(Image-caption web data)

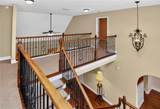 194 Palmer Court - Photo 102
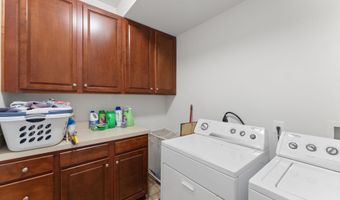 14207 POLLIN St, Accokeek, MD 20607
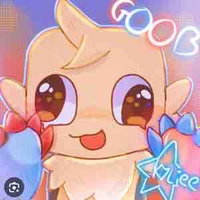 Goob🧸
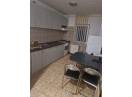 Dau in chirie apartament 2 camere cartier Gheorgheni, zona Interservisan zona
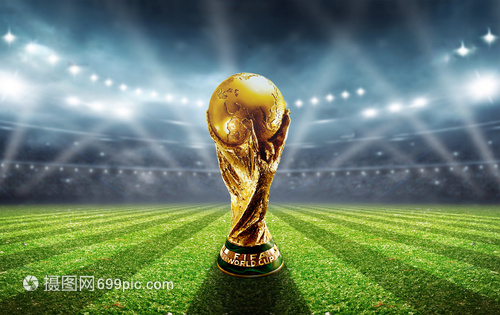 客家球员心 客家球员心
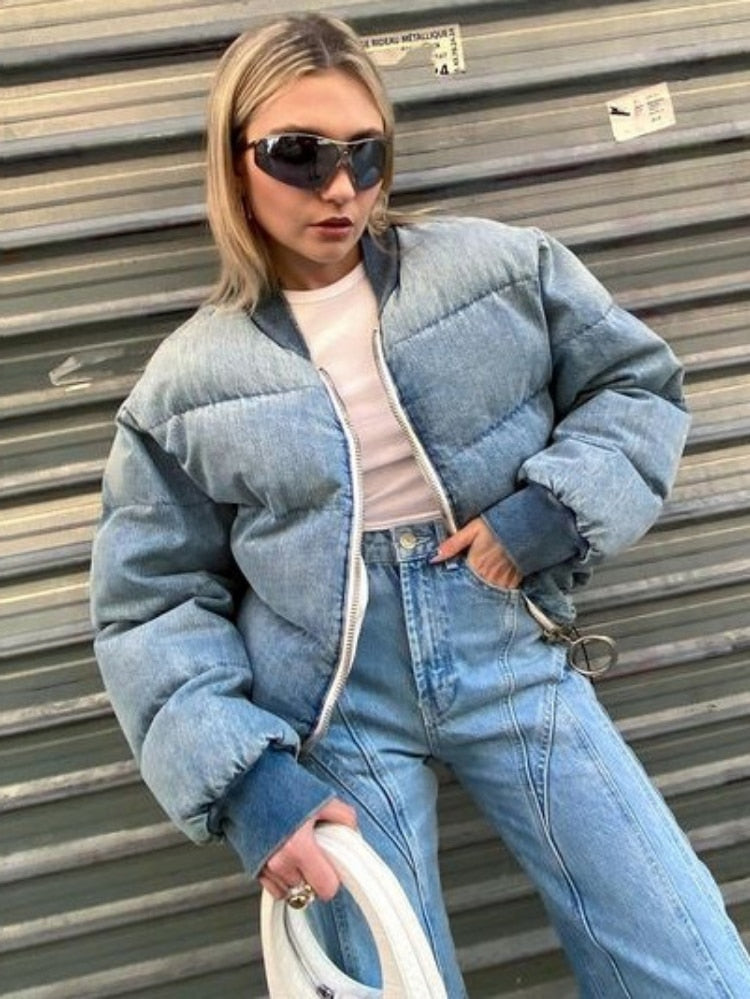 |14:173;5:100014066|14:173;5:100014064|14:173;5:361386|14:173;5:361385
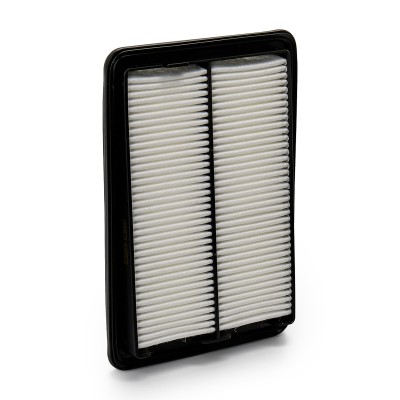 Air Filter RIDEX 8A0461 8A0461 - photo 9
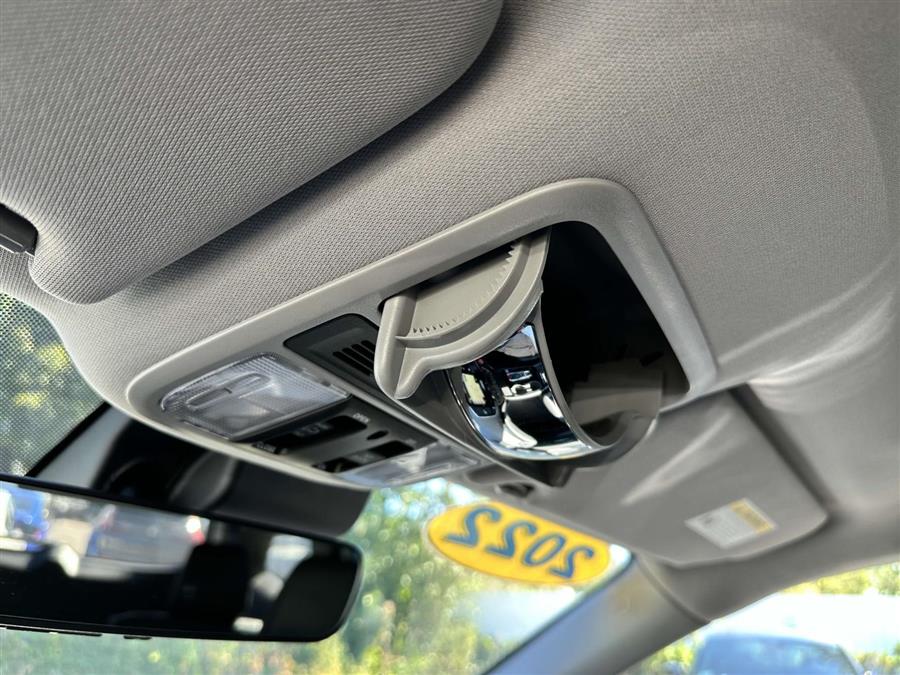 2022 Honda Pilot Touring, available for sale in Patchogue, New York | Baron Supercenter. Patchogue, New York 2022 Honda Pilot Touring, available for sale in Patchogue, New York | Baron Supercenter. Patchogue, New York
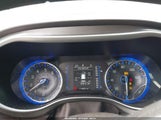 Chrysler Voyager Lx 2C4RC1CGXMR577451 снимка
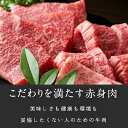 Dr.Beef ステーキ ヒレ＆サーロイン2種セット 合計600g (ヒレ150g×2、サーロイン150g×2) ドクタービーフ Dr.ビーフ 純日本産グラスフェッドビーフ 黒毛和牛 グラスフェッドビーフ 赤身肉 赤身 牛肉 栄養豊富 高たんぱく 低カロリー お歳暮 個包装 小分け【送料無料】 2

Exercise brief: Nothing but the lines from the line with "Chrysler Voyager Lx 2C4RC1CGXMR577451 снимка" through the last line of the data above should be printed, exactly as written and without pictures.

Answer for the task:
 Chrysler Voyager Lx 2C4RC1CGXMR577451 снимка
 Dr.Beef ステーキ ヒレ＆サーロイン2種セット 合計600g (ヒレ150g×2、サーロイン150g×2) ドクタービーフ Dr.ビーフ 純日本産グラスフェッドビーフ 黒毛和牛 グラスフェッドビーフ 赤身肉 赤身 牛肉 栄養豊富 高たんぱく 低カロリー お歳暮 個包装 小分け【送料無料】 2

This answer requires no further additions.